## EXERCISE DESCRIPTION
Begin at the line containing "new 2025 Ford" in the data below and go on through the line containing "Лодочный мотор 4T", repeating each line exactly; include both ends and no other line.

(Brief descriptive captions)
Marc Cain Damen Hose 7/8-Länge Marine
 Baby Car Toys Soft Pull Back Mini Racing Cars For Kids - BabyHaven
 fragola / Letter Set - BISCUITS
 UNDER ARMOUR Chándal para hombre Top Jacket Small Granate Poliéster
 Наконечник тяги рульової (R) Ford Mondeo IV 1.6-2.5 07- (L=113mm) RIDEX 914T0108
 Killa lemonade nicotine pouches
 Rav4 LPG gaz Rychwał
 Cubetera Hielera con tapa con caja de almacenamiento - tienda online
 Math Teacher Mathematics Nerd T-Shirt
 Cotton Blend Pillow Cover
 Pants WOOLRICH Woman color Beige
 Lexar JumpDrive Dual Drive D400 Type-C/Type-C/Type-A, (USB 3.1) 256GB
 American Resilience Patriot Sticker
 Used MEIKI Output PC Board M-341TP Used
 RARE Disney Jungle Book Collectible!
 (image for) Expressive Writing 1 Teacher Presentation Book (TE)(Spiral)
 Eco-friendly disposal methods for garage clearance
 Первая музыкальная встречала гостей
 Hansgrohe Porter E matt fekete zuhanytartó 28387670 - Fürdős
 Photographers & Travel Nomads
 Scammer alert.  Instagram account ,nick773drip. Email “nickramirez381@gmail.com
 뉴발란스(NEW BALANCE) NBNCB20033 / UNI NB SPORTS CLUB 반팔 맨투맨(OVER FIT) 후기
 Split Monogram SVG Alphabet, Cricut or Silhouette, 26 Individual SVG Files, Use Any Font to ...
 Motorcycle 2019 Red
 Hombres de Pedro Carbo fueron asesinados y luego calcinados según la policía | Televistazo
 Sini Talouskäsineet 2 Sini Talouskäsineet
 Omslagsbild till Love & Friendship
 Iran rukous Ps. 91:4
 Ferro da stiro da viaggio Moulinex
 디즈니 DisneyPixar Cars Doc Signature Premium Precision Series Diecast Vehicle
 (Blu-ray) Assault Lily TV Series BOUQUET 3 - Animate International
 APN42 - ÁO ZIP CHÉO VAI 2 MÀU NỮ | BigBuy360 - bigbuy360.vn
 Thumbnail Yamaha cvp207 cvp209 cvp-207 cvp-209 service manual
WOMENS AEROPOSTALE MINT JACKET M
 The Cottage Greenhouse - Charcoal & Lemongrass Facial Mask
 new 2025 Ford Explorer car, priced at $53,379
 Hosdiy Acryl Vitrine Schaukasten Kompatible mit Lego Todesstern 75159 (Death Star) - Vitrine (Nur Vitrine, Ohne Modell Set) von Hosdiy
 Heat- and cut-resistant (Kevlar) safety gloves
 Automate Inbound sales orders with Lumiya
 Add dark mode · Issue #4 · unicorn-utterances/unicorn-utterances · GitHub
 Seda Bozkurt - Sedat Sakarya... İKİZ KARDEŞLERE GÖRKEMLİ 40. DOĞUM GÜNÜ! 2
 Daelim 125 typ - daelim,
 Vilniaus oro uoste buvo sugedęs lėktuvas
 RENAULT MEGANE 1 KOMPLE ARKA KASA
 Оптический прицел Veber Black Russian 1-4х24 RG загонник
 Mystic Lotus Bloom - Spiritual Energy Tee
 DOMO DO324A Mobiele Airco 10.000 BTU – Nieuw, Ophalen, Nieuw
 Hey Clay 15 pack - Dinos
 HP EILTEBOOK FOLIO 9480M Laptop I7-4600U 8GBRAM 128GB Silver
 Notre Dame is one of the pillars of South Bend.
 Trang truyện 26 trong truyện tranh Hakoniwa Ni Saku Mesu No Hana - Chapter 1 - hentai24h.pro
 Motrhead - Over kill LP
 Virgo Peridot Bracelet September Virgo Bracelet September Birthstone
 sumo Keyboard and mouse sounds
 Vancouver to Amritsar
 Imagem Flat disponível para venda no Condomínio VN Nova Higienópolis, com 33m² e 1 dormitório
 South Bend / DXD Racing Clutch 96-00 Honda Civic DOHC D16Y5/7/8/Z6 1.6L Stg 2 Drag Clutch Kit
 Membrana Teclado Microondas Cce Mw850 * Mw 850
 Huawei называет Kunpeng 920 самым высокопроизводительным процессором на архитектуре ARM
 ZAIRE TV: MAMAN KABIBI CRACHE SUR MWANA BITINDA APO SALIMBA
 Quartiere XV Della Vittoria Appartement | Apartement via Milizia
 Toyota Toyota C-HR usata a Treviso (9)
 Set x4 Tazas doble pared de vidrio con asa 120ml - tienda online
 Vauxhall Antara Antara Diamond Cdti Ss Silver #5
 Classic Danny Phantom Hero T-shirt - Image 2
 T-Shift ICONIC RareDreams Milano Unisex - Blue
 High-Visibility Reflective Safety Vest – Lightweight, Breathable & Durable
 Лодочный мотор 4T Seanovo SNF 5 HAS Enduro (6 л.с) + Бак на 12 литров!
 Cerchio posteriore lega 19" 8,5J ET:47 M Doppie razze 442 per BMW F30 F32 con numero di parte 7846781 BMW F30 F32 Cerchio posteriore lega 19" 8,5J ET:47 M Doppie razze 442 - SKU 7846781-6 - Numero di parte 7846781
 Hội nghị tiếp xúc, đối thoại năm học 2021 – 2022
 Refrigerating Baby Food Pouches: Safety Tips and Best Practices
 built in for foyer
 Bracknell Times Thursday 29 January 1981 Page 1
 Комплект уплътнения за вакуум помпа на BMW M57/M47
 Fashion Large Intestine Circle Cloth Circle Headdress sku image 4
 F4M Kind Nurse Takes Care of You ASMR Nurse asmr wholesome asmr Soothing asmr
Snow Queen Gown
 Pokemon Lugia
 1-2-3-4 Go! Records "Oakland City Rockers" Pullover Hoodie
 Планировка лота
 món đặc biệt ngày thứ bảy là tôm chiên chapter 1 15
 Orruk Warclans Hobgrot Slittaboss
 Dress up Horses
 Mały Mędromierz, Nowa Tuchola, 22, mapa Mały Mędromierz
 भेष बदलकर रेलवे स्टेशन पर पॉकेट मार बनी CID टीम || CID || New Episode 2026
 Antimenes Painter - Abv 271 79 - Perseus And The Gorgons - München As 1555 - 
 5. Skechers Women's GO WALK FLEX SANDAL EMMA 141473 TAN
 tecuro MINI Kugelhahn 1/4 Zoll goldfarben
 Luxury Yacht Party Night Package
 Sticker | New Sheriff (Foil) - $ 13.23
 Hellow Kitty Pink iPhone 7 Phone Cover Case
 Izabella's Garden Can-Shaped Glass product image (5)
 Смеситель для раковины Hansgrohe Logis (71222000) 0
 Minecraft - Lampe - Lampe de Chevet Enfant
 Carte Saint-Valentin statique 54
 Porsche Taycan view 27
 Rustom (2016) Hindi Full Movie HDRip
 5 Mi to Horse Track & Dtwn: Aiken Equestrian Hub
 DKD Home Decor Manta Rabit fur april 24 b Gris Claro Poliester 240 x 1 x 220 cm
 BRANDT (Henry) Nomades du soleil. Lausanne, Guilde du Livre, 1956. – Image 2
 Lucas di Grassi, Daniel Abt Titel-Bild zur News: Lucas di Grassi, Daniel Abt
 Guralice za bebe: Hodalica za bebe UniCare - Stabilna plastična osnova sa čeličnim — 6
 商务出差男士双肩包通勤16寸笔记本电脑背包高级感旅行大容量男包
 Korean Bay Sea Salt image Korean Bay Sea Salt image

## YOUR RESPONSE
 new 2025 Ford Explorer car, priced at $53,379
 Hosdiy Acryl Vitrine Schaukasten Kompatible mit Lego Todesstern 75159 (Death Star) - Vitrine (Nur Vitrine, Ohne Modell Set) von Hosdiy
 Heat- and cut-resistant (Kevlar) safety gloves
 Automate Inbound sales orders with Lumiya
 Add dark mode · Issue #4 · unicorn-utterances/unicorn-utterances · GitHub
 Seda Bozkurt - Sedat Sakarya... İKİZ KARDEŞLERE GÖRKEMLİ 40. DOĞUM GÜNÜ! 2
 Daelim 125 typ - daelim,
 Vilniaus oro uoste buvo sugedęs lėktuvas
 RENAULT MEGANE 1 KOMPLE ARKA KASA
 Оптический прицел Veber Black Russian 1-4х24 RG загонник
 Mystic Lotus Bloom - Spiritual Energy Tee
 DOMO DO324A Mobiele Airco 10.000 BTU – Nieuw, Ophalen, Nieuw
 Hey Clay 15 pack - Dinos
 HP EILTEBOOK FOLIO 9480M Laptop I7-4600U 8GBRAM 128GB Silver
 Notre Dame is one of the pillars of South Bend.
 Trang truyện 26 trong truyện tranh Hakoniwa Ni Saku Mesu No Hana - Chapter 1 - hentai24h.pro
 Motrhead - Over kill LP
 Virgo Peridot Bracelet September Virgo Bracelet September Birthstone
 sumo Keyboard and mouse sounds
 Vancouver to Amritsar
 Imagem Flat disponível para venda no Condomínio VN Nova Higienópolis, com 33m² e 1 dormitório
 South Bend / DXD Racing Clutch 96-00 Honda Civic DOHC D16Y5/7/8/Z6 1.6L Stg 2 Drag Clutch Kit
 Membrana Teclado Microondas Cce Mw850 * Mw 850
 Huawei называет Kunpeng 920 самым высокопроизводительным процессором на архитектуре ARM
 ZAIRE TV: MAMAN KABIBI CRACHE SUR MWANA BITINDA APO SALIMBA
 Quartiere XV Della Vittoria Appartement | Apartement via Milizia
 Toyota Toyota C-HR usata a Treviso (9)
 Set x4 Tazas doble pared de vidrio con asa 120ml - tienda online
 Vauxhall Antara Antara Diamond Cdti Ss Silver #5
 Classic Danny Phantom Hero T-shirt - Image 2
 T-Shift ICONIC RareDreams Milano Unisex - Blue
 High-Visibility Reflective Safety Vest – Lightweight, Breathable & Durable
 Лодочный мотор 4T Seanovo SNF 5 HAS Enduro (6 л.с) + Бак на 12 литров!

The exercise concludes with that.